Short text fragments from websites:
'''
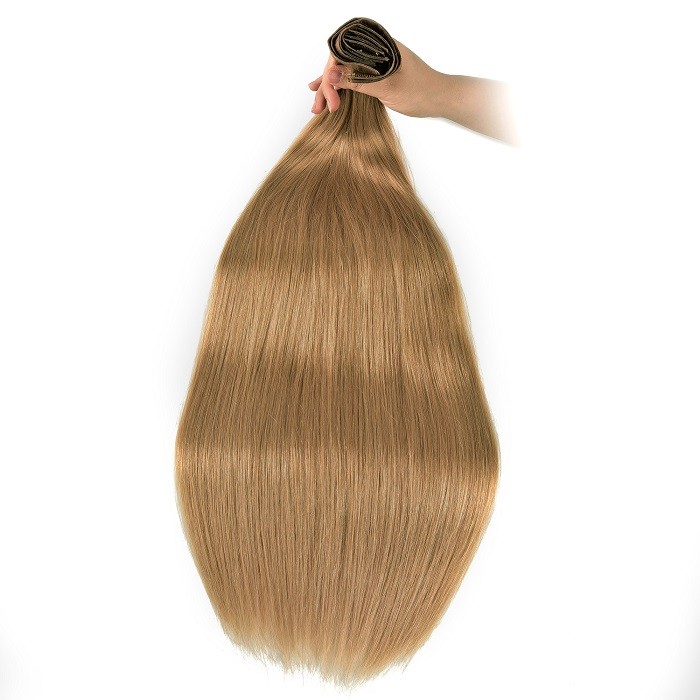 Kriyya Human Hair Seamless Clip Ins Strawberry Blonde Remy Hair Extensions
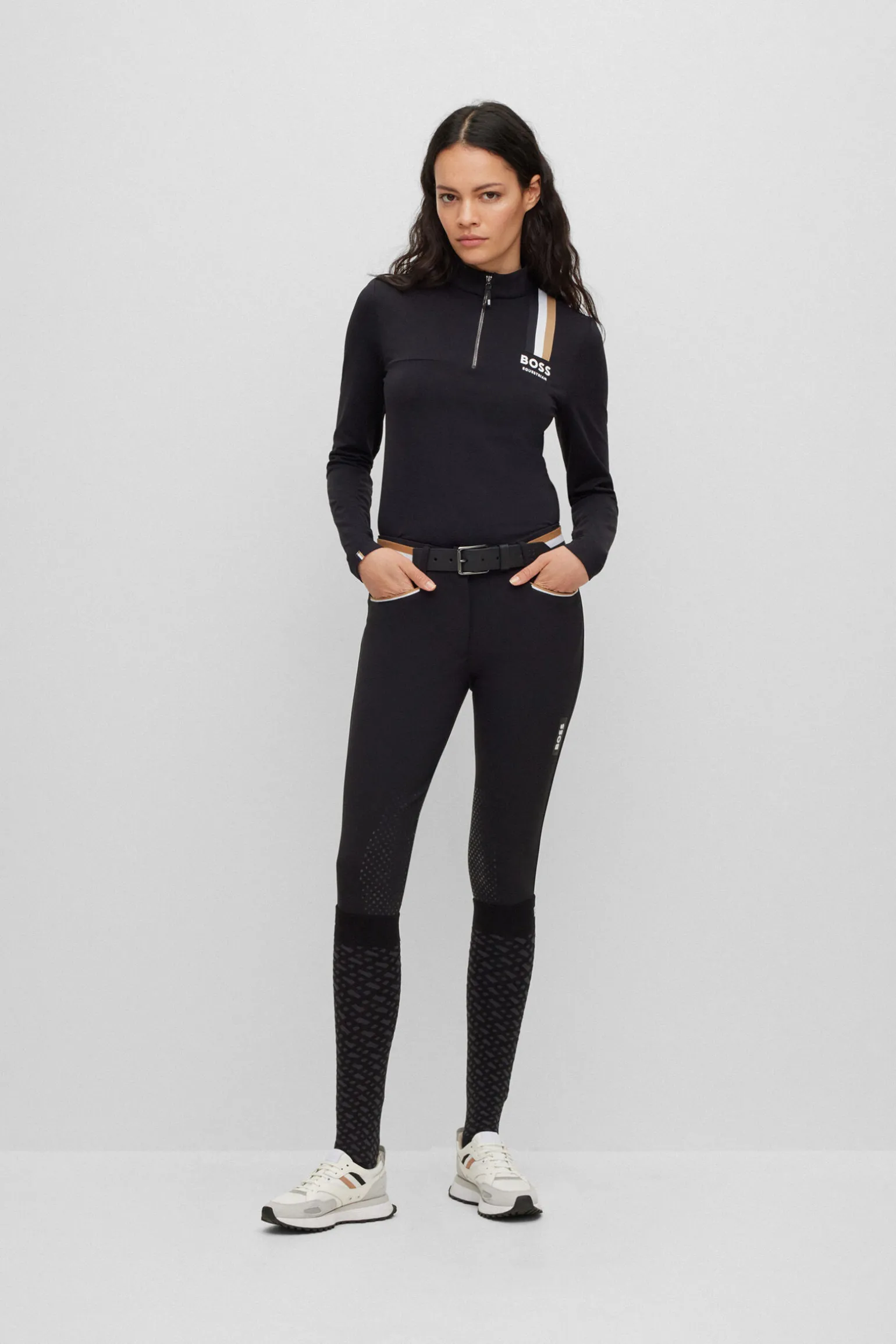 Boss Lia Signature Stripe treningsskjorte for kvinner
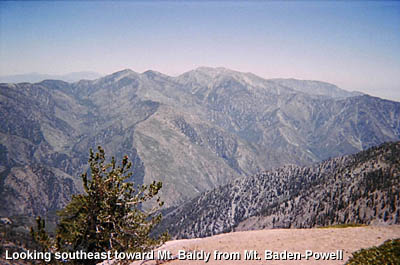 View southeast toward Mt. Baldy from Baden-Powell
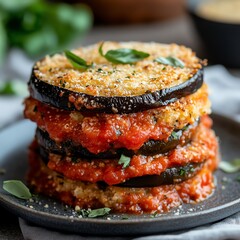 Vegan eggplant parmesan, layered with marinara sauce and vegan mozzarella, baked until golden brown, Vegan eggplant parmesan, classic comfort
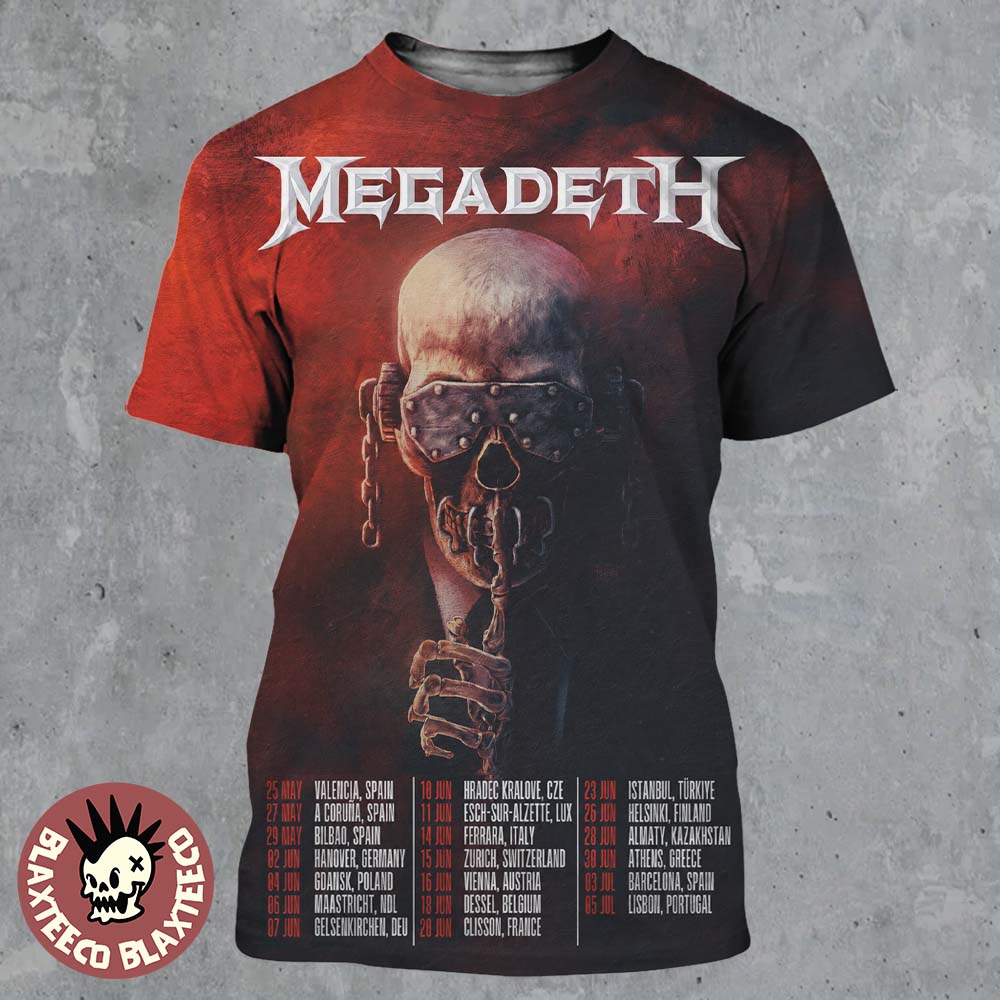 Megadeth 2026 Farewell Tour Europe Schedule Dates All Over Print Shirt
'''
What needs to be done: Copy the preceding data in full and word for word, dropping its pictures.

Task output:
 Kriyya Human Hair Seamless Clip Ins Strawberry Blonde Remy Hair Extensions
 Boss Lia Signature Stripe treningsskjorte for kvinner
 View southeast toward Mt. Baldy from Baden-Powell
 Vegan eggplant parmesan, layered with marinara sauce and vegan mozzarella, baked until golden brown, Vegan eggplant parmesan, classic comfort
 Megadeth 2026 Farewell Tour Europe Schedule Dates All Over Print Shirt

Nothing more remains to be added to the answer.